** Dataset extract **
━━━━━━━━━━━━━━━━

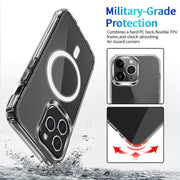 For iPhone 15 Pro MagSafe Magnetic Four Corner Airbags Phone Case(Transparent)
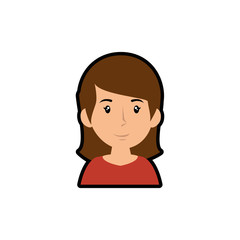 happy woman cartoon icon over white background. colorful design.  vector illustration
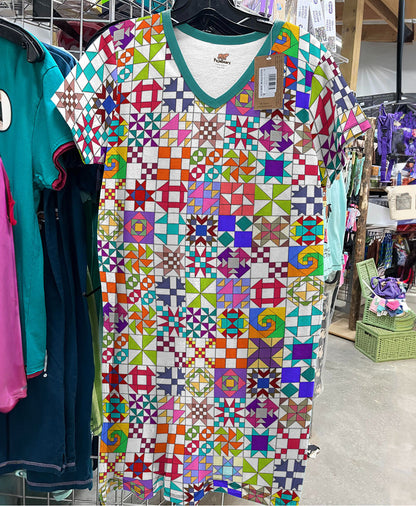 Quilting Shineful® V-Neck Nightshirts Colorful Blocks Tl10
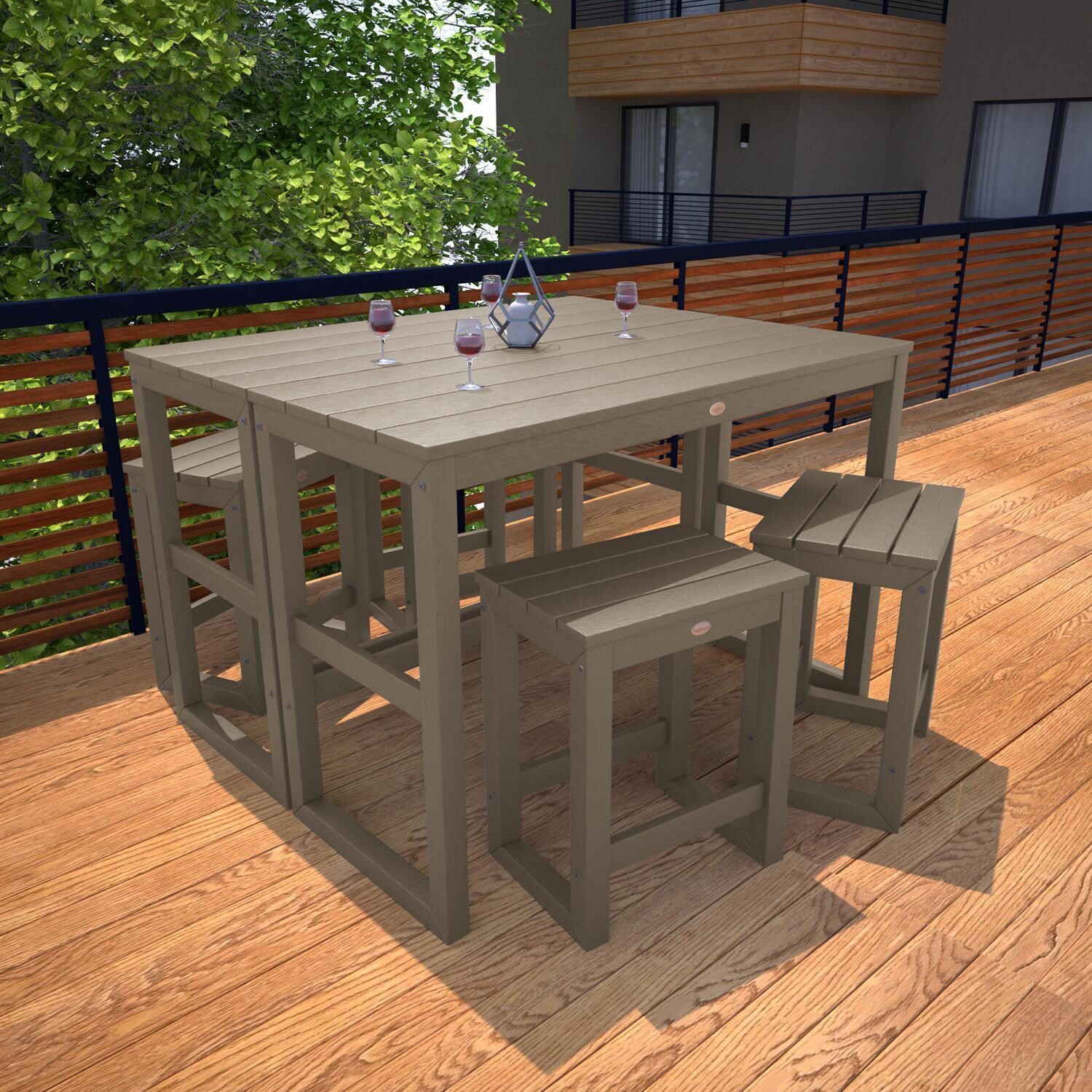 Lakeview Audubon 6 Pc Recycled Plastic Counter Height Balcony Dining Bar Set in Woodland Brown - On Patio - Square - Lifestyle thumbnail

━━━━━━━━━━━━━━━━

** Instructions for the task **
Output the material above exactly as written and drop any images it holds.

** Problem solution **
 For iPhone 15 Pro MagSafe Magnetic Four Corner Airbags Phone Case(Transparent)
 happy woman cartoon icon over white background. colorful design.  vector illustration
 Quilting Shineful® V-Neck Nightshirts Colorful Blocks Tl10
 Lakeview Audubon 6 Pc Recycled Plastic Counter Height Balcony Dining Bar Set in Woodland Brown - On Patio - Square - Lifestyle thumbnail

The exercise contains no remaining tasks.